**Aim of the exercise**
A verbatim copy of the listing is needed; pictures are to be left out.

**Data block**
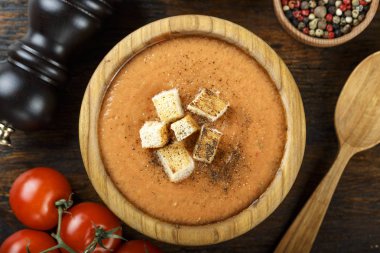 masada bir tabakta krema çorbası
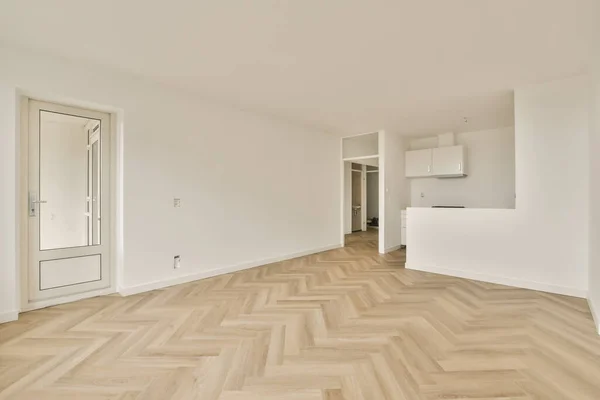 Ein Leeres Wohnzimmer Mit Holzboden Und Parkett Der Wand Vor — Stockfoto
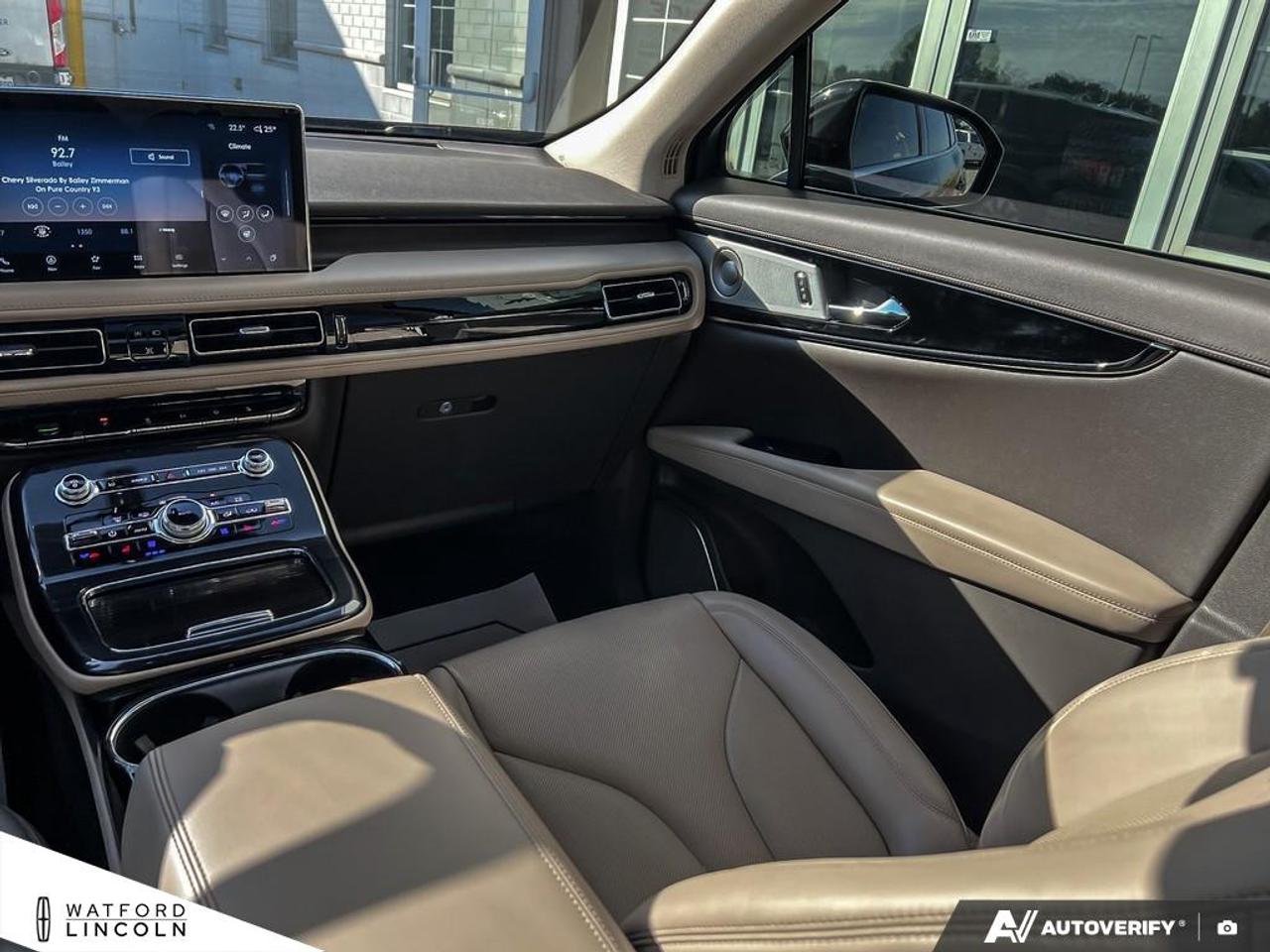 2023 Lincoln Nautilus Reserve AWD Photo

**Task result**
 masada bir tabakta krema çorbası
 Ein Leeres Wohnzimmer Mit Holzboden Und Parkett Der Wand Vor — Stockfoto
 2023 Lincoln Nautilus Reserve AWD Photo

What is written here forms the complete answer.